Normally in B2B cases, the Israeli importer can apply a “reverse charge” mechanism and issue a self-invoice on behalf of the foreign supplier. The Israeli importer then pays the VAT thereon (17% standard rate) to the ITA pay can reclaim the same VAT as input VAT on this expense within six months.
However, the Ruling makes it easier if there are multiple purchases by allowing a single combined monthly reverse charge self-invoice covering the consideration paid to all foreign suppliers that month.
Conditions for a single monthly combined self-invoice include:
- The invoice must clearly state: “Combined Self-Invoice Per Relief from the Tax Authority and According to Ruling Number 6369/18”;
- Issued monthly;
- Included in VAT returns;
- Separate lines for: date, supplier’s name and address, amount paid including settlement fees where applicable, description;
- Proof of payment attached;
- Any changes in character or scope must be notified to the VAT Professional Department at the ITA
The Ruling is in effect for three years until May 16, 2021.

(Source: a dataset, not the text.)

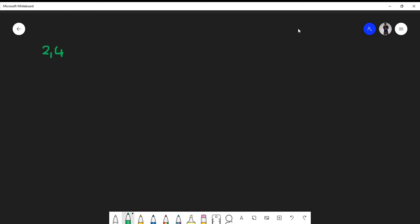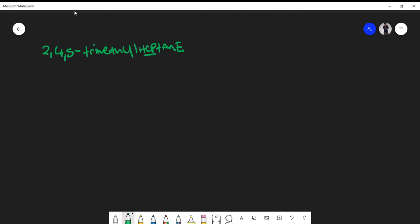Let's say on an exam you're given 2,4,5-trimethylheptane. How do we draw the structure for this molecule? The first thing I like to start with is the parent, which is heptane. That means I'm going to draw a carbon chain that's seven carbons long: one, two, three, four, five, six, seven. I could have drawn this in the long version, but I decided to draw the sixth and seventh carbons downward.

The Ruling reminds us that if any part of the foreign supplier’s activity takes place in Israel, it may have to register for Israeli VAT purposes and appoint a fiscal representative.
The Ruling takes no position on whether the foreign supplier has a taxable permanent establishment for income tax purposes. This can be a big issue and specialist advice is recommended.
If the importer is NOT a dealer, it can record a one-time transaction and pay the VAT to the ITA.
This Ruling is an example of back-door law without the Knesset, but for once the ITA is to be commended.
But the Ruling only works for B2B, business to business.
The ITA will soon find out that the Ruling does not work for B2C, business to consumers, which is where the main e-commerce VAT revenues are eluding them.
It remains to be seen whether foreign online portals serving Israeli consumers will feel compelled to collect Israeli VAT. Some are starting to do so, not all of them.
For B2C the ITA would do well to copy the easy online reporting by e-commerce suppliers in countries like Australia and Estonia, and similar easy online reporting in the EU – known as MOSS (mini one stop shop).
All in all, the ITA is not yet in the 21st century. It needs MOSS in English for foreign e-commerce suppliers to Israeli consumers if it wants more VAT revenues.
Rules For E-Commerce Firms:
If you are an e-commerce supplier, check out your income tax and sales tax/VAT/GST liabilities in Israel and around the world.
Then work out how to comply – there are thousands of jurisdictions if you factor in US state and local taxes. The US market is, of course, big and affluent. Fortunately, there are professional services to help you in the US and many other countries – take appropriate advice.
What happens if you don’t? You may jeopardize your chances of going public or being acquired if you have tax baggage….
As always, consult experienced tax advisors in each country at an early stage in specific cases.